Just before Christmas, a friend gave me a walnut stump with rootball. The tree was about 2 feet in diameter or a litlte better. I will have it slabbed out by a friend of mine who has a WoodMiser mill in a couple of months. I'm hoping to find a couple of gunstocks in there but will be happy with bowl blanks. My questions are 1) is a tree this size big enough to yield gunstocks, 2) how thick should I mill the slabs, 3)Which axis should I cut it on and 4) how should I treat the slabs to prevent checking?

The pic shows the stump in the back of my Tacoma, to give you some reference.
http://i612.Rule #2/albums/tt210/BarefootBoxes/Mobile%20Uploads/2015-12/EEF2C28F-A946-4BA8-B8CF-6A33811D8671.jpg

Any other information you can give me would also be appreciated!


----------



## Sprung (Feb 14, 2016)

I'm sure @HomeBody could answer your questions - cutting gunstocks is one of the things he enjoys doing, and he certainly is very knowledgeable.

Reactions: Agree 1


----------



## HomeBody (Feb 15, 2016)

I think they cut the tree too close to the stump for any gunstocks. A shotgun butt blank is 18" long. The usable wood will be from the bed of your truck up to where the side roots come in. Anything from the side roots up to the tap root will have voids, cracks, and etc. Maybe some pen blanks or something small from that area. 

Here is a pic of a log with stump attached done by the pros. You can see how they tapered the cuts through the side roots toward the tap root. It looks like a giant pencil that's been sharpened. This will allow you to get the gnarly thing up on a mill.

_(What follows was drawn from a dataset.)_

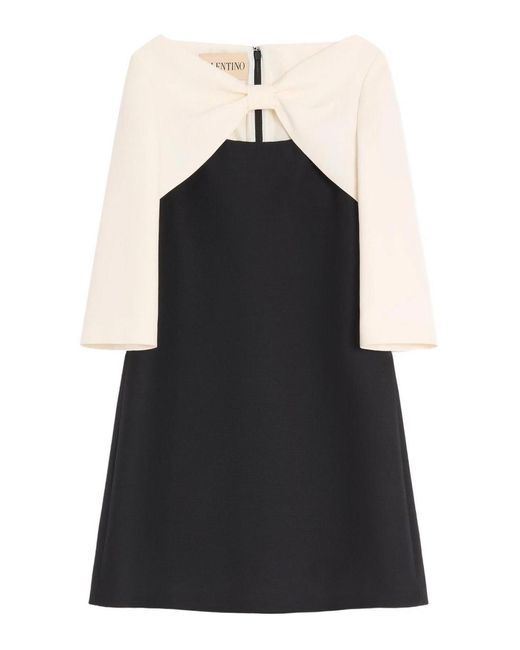 Valentino Garavani Black Wool And Silk Mini Dress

I've had 2 stumps slabbed and I don't know any rules for orientation for a stump on a mill. I just had them make one cut, then flip the stump and slab it. I cut my slabs for gunstocks 2 3/4". When the blank is dry, (5 yrs. air dry) plane it both sides and that should leave you 2 1/2" which is perfect to put on a duplicator machine. Expect lots of lost wood due to cracks, voids, and bug damage. I just sealed the ends of the blanks like normal with AS2. The stump wood seems to move a lot while it's drying. It's all worth it though, in my opinion. Here's a pic of a butt stock done with stump wood. Gary

Reactions: Like 1 | EyeCandy! 5 | Way Cool 4


----------



## Ken Martin (Feb 17, 2016)

Well that's disappointing, but hey! It was free, so I can't complain! I'll take what u can get out of it. Should be some pretty bowls, turkey call strikers, and such. 

Thanks, Gary! That's great information and just what I needed!

Reactions: Like 1


----------



## HomeBody (Feb 20, 2016)

Ken Martrin said:


> Well that's disappointing, but hey! It was free, so I can't complain! I'll take what u can get out of it. Should be some pretty bowls, turkey call strikers, and such.
> 
> Thanks, Gary! That's great information and just what I needed!



Go for it! You'll get something good out of it for sure. If the tree was alive recently, when you cut the roots off black juice will come out. Walnut sap I guess. If you can catch some it makes great stain. Gary

Reactions: Thank You! 1


----------